TRY IT> The answer must give back every line of the data exactly, with no pictures.

AVAILABLE DATA>
━━━━━━━━━━

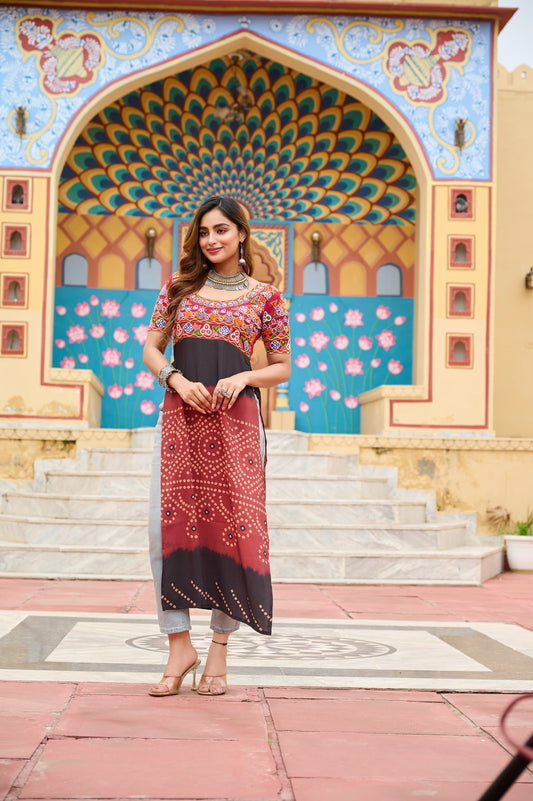 Prazu Fashion Maroon Rayon Printed With Kutchi Gamthi Work Navaratri Kurti
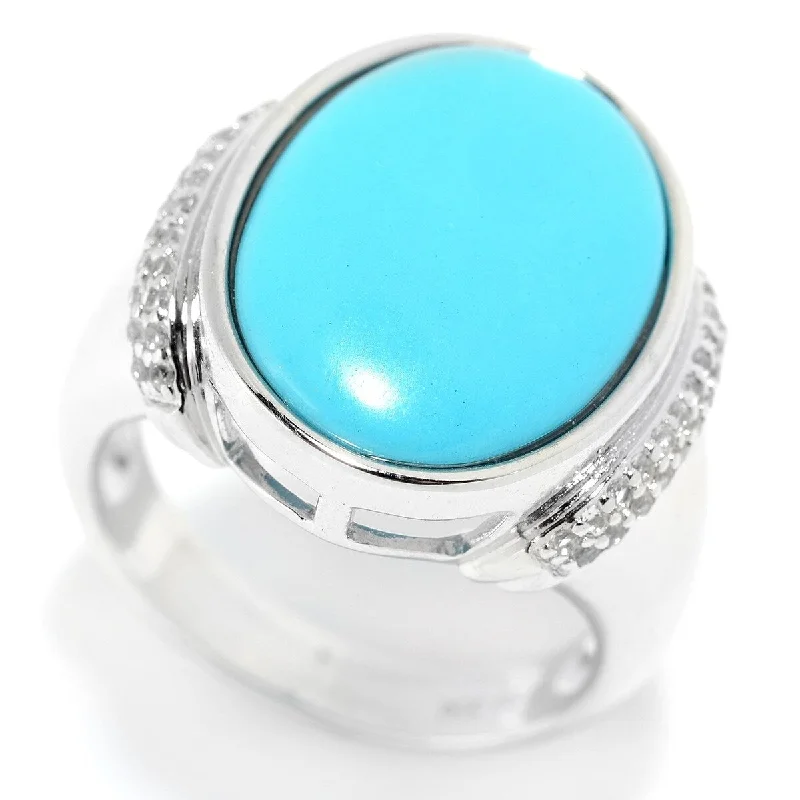 925 Sterling Silver Sonora Beauty Turquoise and White Natural Zircon Ring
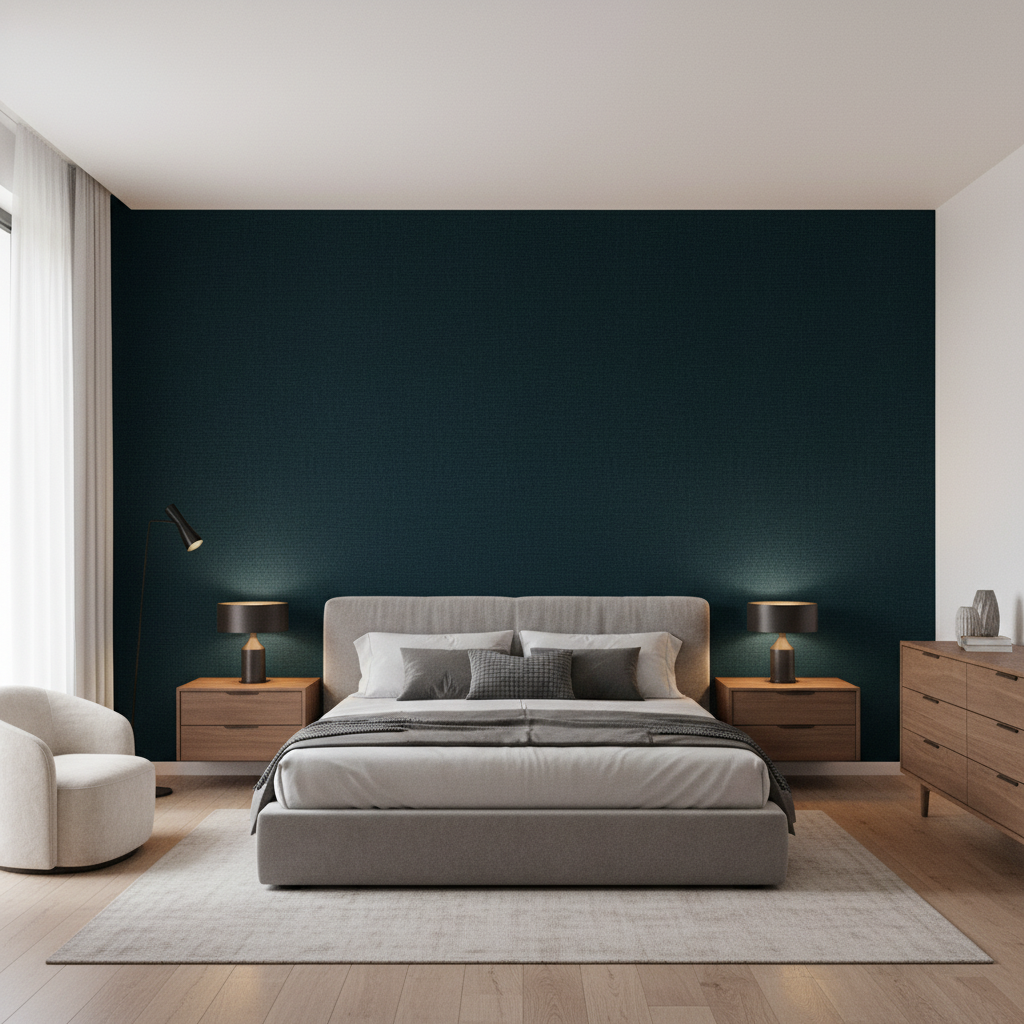 Dublin Linen Indigo — Bedroom Room Setting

━━━━━━━━━━

THE COMPLETED TASK>
 Prazu Fashion Maroon Rayon Printed With Kutchi Gamthi Work Navaratri Kurti
 925 Sterling Silver Sonora Beauty Turquoise and White Natural Zircon Ring
 Dublin Linen Indigo — Bedroom Room Setting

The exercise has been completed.